After I brought it home, setting the thing up was a three-step process. Damn Apple Computer! Can’t they see I’m trying to keep myself occupied?

In the middle of the whole plug it in, turn it on operation, I plunged into thoughts of uneasiness. Something was missing. Something was out of place.

I realized that things had, in a way, come around full circle. Here I am, much like I was three years ago, sitting in front of my computer–alone, hungry, missing my girl–and it felt wrong. I can remember us going out on a date, me dropping her off at her house, and rushing home (some forty miles away) just to call her up and talk to her again. It was insane.

Today, I felt the same urge–to call her up and talk to her all night.

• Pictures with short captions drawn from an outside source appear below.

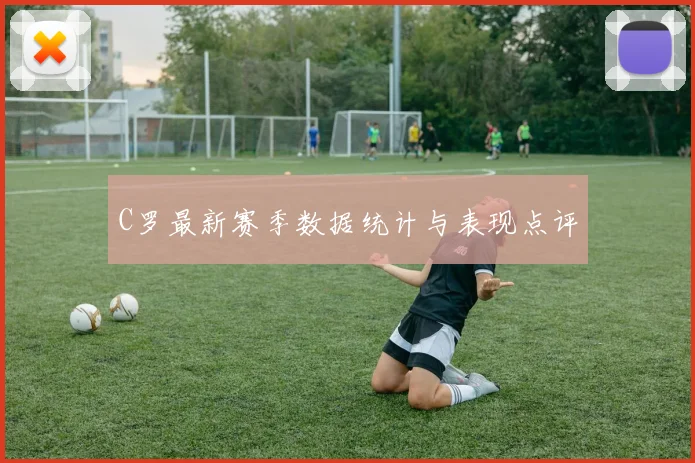 C罗最新赛季数据统计与表现点评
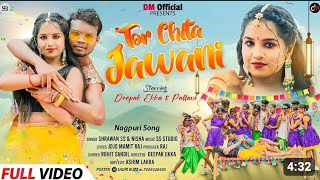 TOR CHITA JAWANI / NEW NAGPURI FULL VIDEO 2024 // Ft. DEEPAK & PALLAVI / SINGER - SHARWAN SS & NISHA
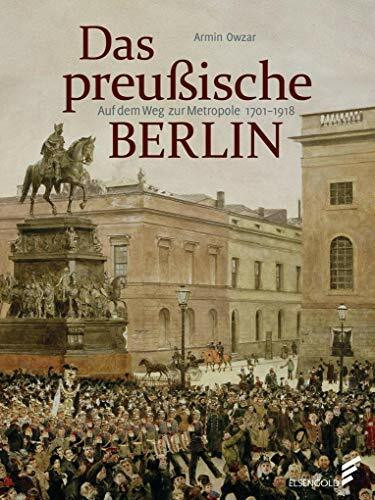 Das preußische Berlin: Auf dem Weg zur Metropole 1701 - 1918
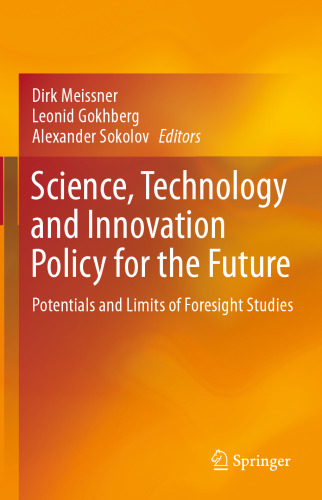 Science, Technology and Innovation Policy for the Future: Potentials and Limits of Foresight Studies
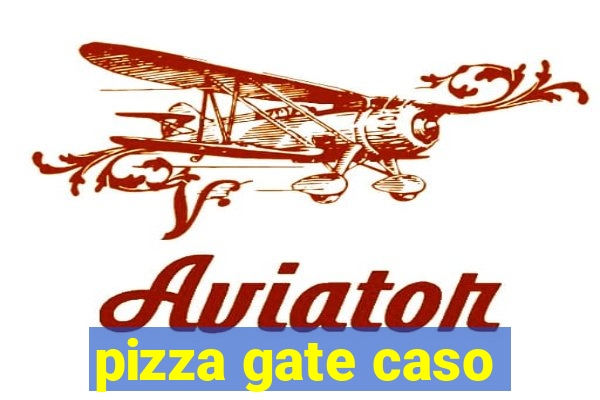 pizza gate caso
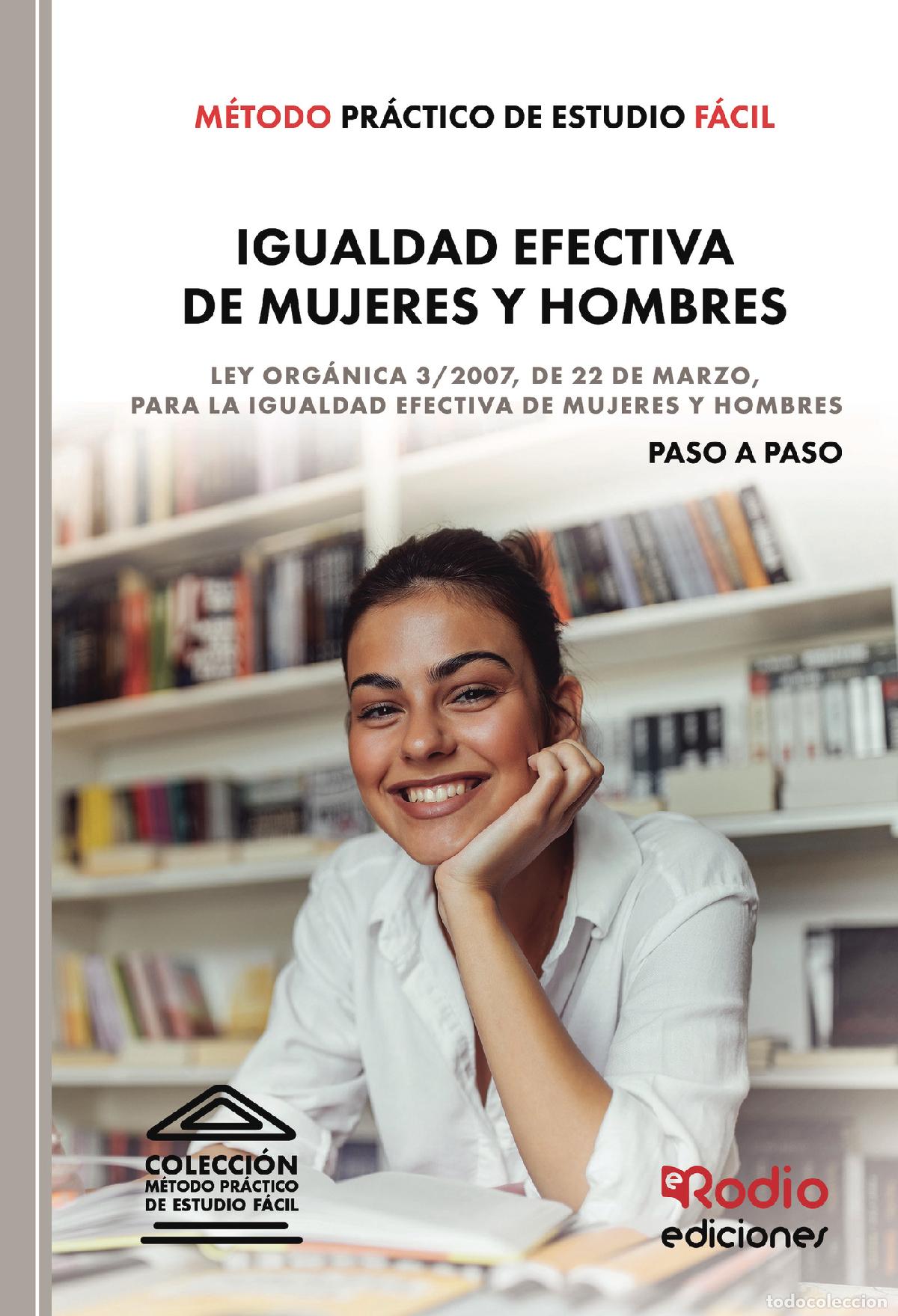 Livres: M&eacute;todo Pr&aacute;ctico de Estudio F&aacute;cil. Igualdad efectiva de mujeres y hombres - Ley Org&aacute;nica 3/2007, de 2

But she needs her rest, and I’ll just have to deal with my end. It’s nothing new for me, just a reminder of a life I no longer have.

She’s where she is for a good reason, I know, but it still hit me in the gut when I left her there. Not wanting her to be concerned or worried about me, I just told her everything would be fine. And, truth is… it will. I’ll be seeing her soon, and when I do, she’ll be bringing our baby boy into the world.